A publication of AAEA

1st Quarter 2014

The Potential for Aviation Biofuels-Technical, Economic, and Policy Analysis

Wallace E. Tyner and Ryan Petter
JEL Classification Codes: Q42, Q48
Keywords: Aviation Biofuels, Biofuels Policy, Reverse Auction, Techno-economic Analysis
Citation: Tyner, W.E., and R. Petter. 2014. "The Potential for Aviation Biofuels-Technical, Economic, and Policy Analysis". Choices. Quarter 1. Available online: http://choicesmagazine.org/choices-magazine/theme-articles/economic-and-policy-analysis-of-advanced-biofuels/the-potential-for-aviation-biofuelstechnical-economic-and-policy-analysis

For a number of reasons, the aviation sector may be the most promising for expansion of the cellulosic biofuels industry (Tyner, 2012). The European Union is planning to implement a carbon tax on airplane takeoffs and landings in the EU (EU Business, 2013). Several U.S. aviation companies have expressed strong interest in renewable fuels (Midwest Aviation Sustainable Biofuels Initiative (MASBI), 2013). There are alternatives for the ground fleet that have emerged in recent years such as compressed or liquefied natural gas or electric vehicles. However, these options and ethanol are not viable in aviation. U.S. civilian aviation consumes over 21 billion gallons of jet fuel per year (U.S. Energy Information Agency - Department of Energy, 2014), so it is a sizeable market. For all these reasons, evaluating the technical and economic potential of aviation biofuels has merit. We do that here by summarizing the results of a techno-economic analysis done for the fast pyrolysis process to produce drop-in hydrocarbons, including jet fuel.

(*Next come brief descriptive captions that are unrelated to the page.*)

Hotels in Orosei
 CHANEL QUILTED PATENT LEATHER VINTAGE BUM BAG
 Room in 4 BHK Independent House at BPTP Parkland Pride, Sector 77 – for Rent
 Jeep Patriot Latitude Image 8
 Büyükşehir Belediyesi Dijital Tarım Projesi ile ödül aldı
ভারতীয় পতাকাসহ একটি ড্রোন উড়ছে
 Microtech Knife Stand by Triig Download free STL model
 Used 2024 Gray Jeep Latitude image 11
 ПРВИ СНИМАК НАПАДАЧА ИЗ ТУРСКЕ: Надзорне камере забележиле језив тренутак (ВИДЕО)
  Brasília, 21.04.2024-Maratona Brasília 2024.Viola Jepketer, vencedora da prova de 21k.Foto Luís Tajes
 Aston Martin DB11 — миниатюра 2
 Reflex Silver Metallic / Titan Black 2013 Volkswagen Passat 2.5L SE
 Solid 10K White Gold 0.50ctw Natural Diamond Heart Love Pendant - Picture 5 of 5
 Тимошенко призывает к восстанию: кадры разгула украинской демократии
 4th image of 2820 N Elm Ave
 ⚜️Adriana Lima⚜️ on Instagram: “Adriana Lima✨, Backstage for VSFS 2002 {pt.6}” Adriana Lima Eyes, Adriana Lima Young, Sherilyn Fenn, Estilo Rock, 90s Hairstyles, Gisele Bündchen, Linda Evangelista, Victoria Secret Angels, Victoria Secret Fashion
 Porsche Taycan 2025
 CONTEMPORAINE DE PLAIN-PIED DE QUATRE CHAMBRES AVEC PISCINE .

Fast pyrolysis is one of the thermochemical processes that goes directly to a mixture of hydrocarbons instead of ethanol. The projected fuel cost is in the same range as current fossil fuels, but the uncertainty in projected cost is very high. Given that uncertainty, it is useful to examine policy options that might help reduce private sector risk in biofuel investments.

Techno-economic Analysis

This section relies in part on a recent techno-economic analysis of corn stover biofuels (Petter & Tyner, 2014). The objective was to estimate the distribution of outcomes from investments in a fast pyrolysis conversion technology.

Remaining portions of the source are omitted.